Task to carry out.
Wherever a picture appears in the listing below, leave it out and reproduce the rest exactly.
*** Opening Stored data ***
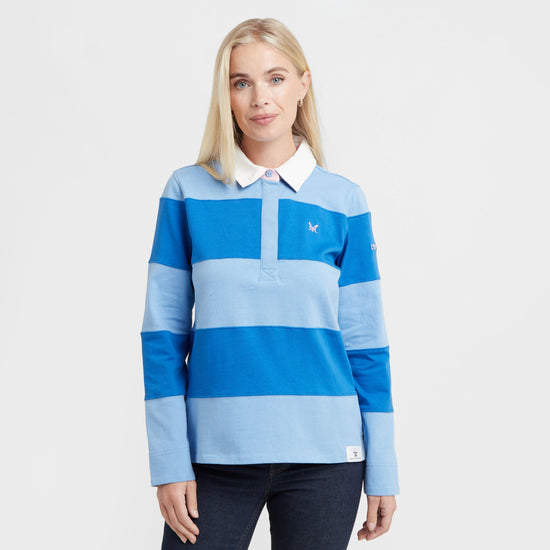 Long Sleeve Stripe Rugby Shirt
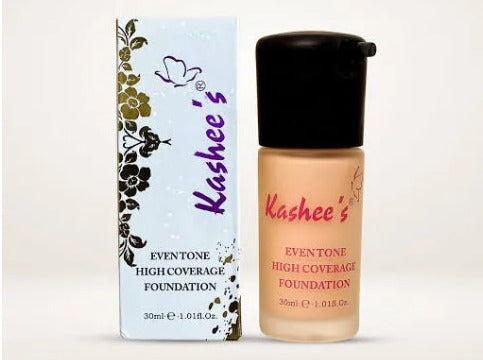 Kashees 24-hour waterproof foundation, high coverage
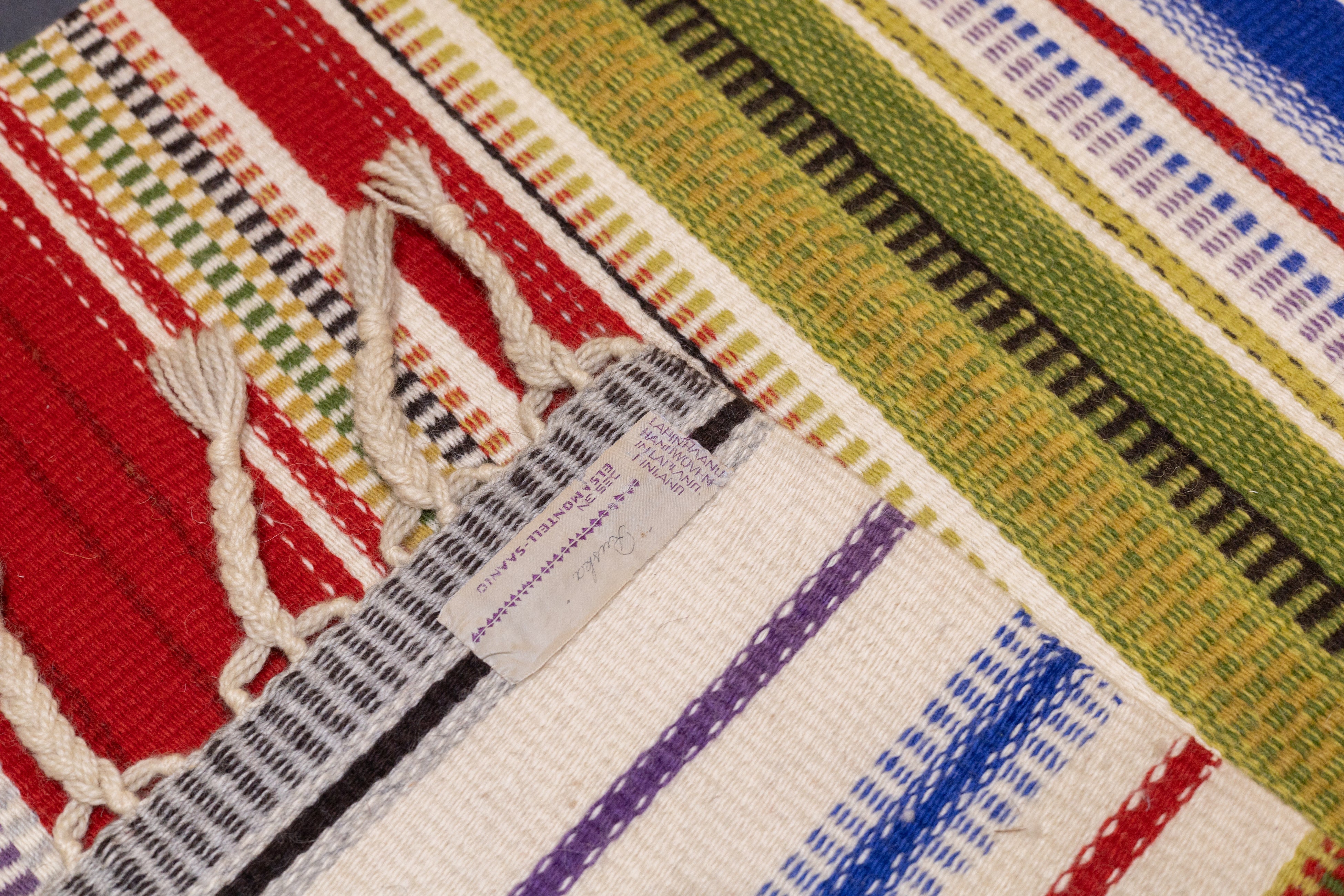Modern  Kilim Wool Rug 3'3'' x 4'8''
*** Closing Stored data ***
Answer space.
 Long Sleeve Stripe Rugby Shirt
 Kashees 24-hour waterproof foundation, high coverage
Modern  Kilim Wool Rug 3'3'' x 4'8''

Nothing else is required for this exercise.